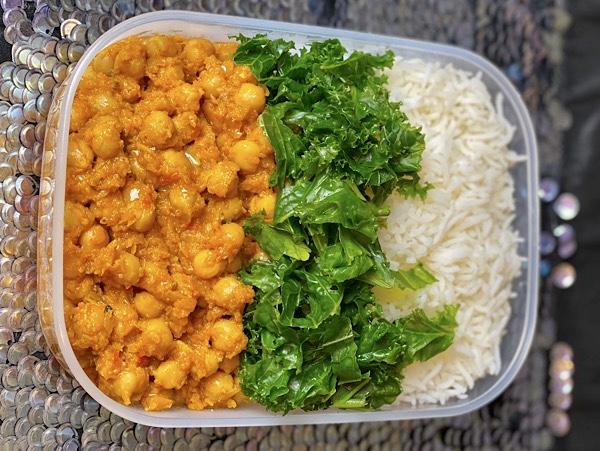 Masala Chickpea With Rice and Greens (Vegan) - haadishealthymeal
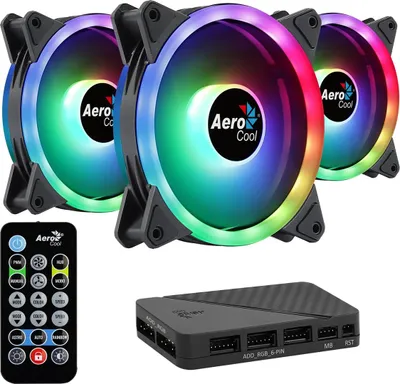 Image de Kit Aerocool DUO12PRO : 3 ventilateurs 12 cm, double anneau LED ARGB, antivibration, 6 broches, noir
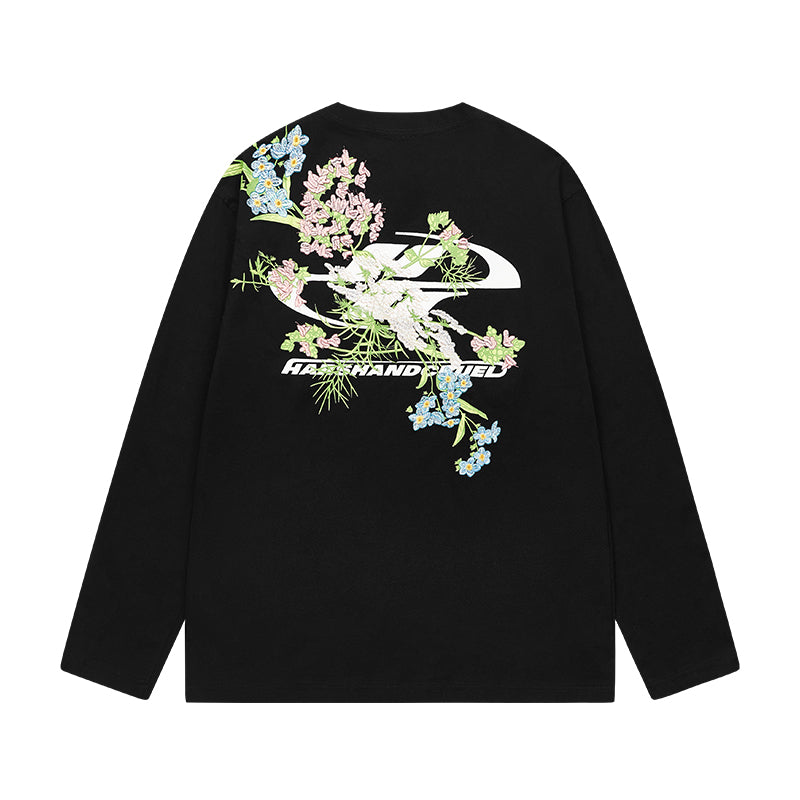 Floral Embroidered Logo L/S Tee Floral Embroidered Logo L/S Tee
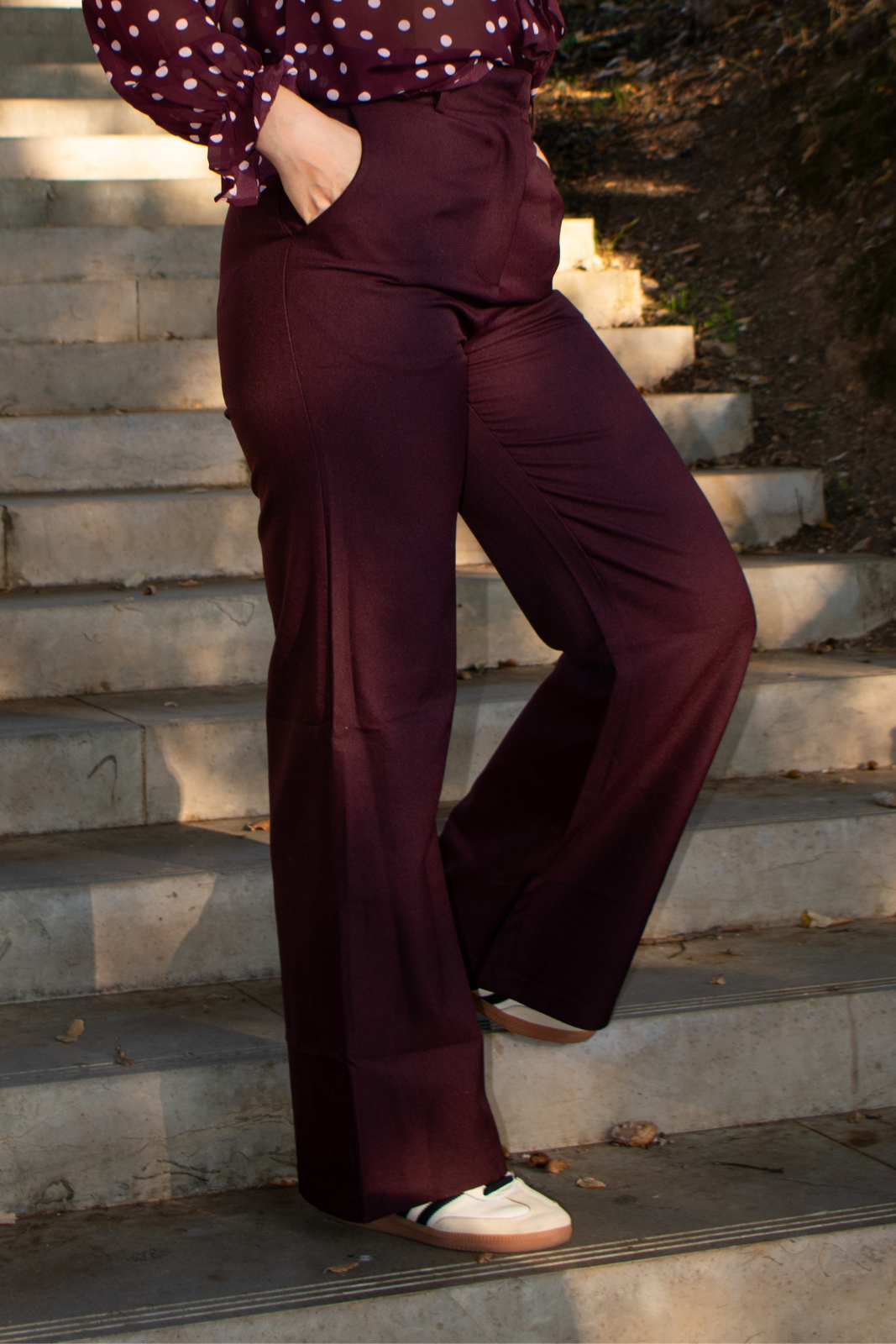 Calças de fato de cintura subida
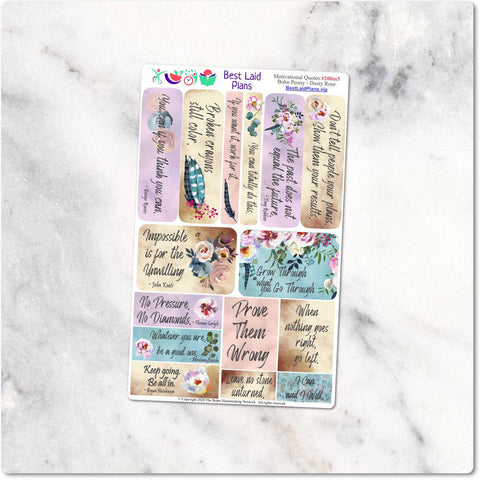Image of Planner Stickers motivational quotes boho peony dusty rose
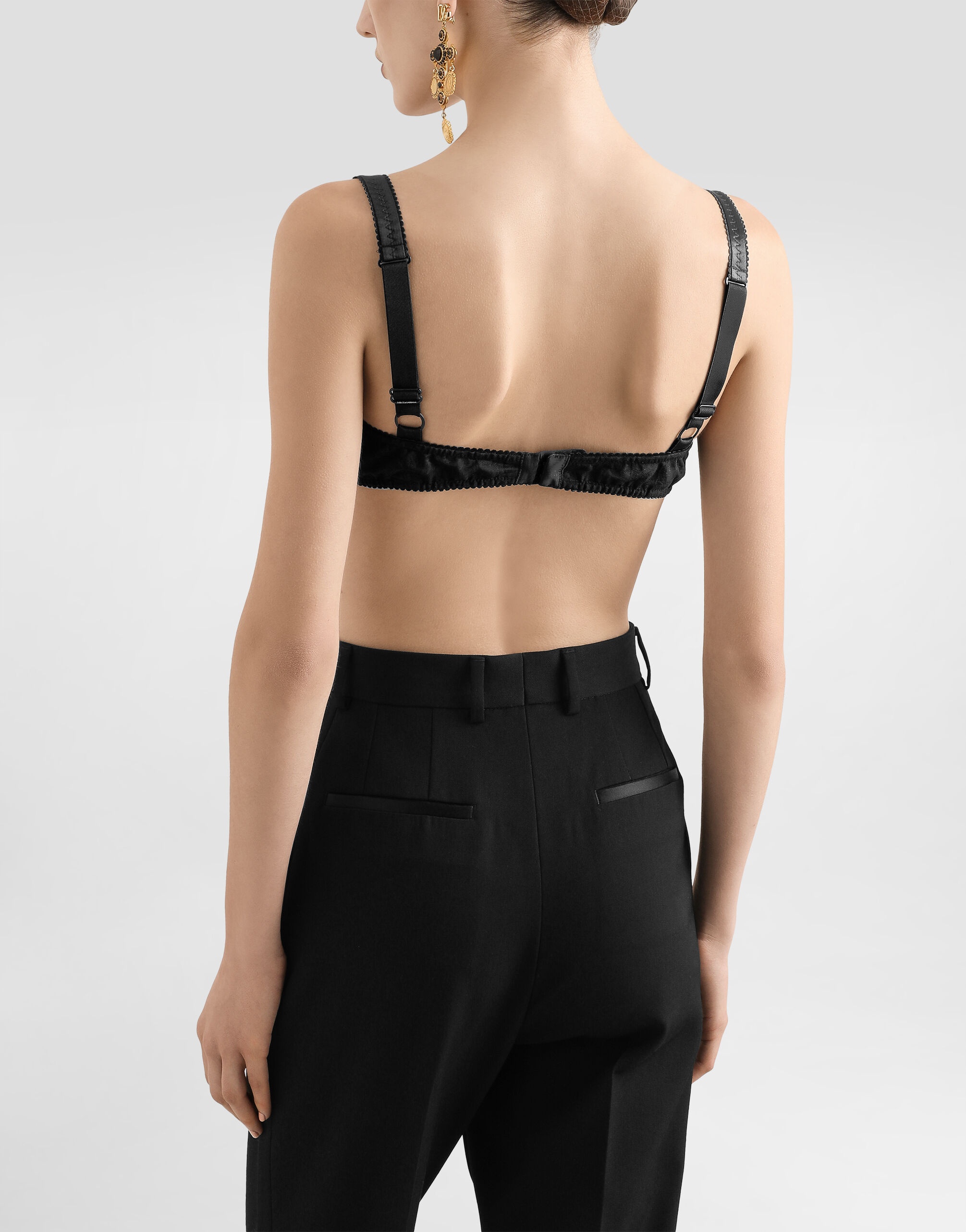 Lace balconette bra with conical cups - 4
● ● ● ●
## Assignment
Starting at the line that holds "Image de Kit", write out every remaining line of the material above exactly as it appears. Pictures should not be copied.

## Response
 Image de Kit Aerocool DUO12PRO : 3 ventilateurs 12 cm, double anneau LED ARGB, antivibration, 6 broches, noir
 Floral Embroidered Logo L/S Tee Floral Embroidered Logo L/S Tee
 Calças de fato de cintura subida
Image of Planner Stickers motivational quotes boho peony dusty rose
 Lace balconette bra with conical cups - 4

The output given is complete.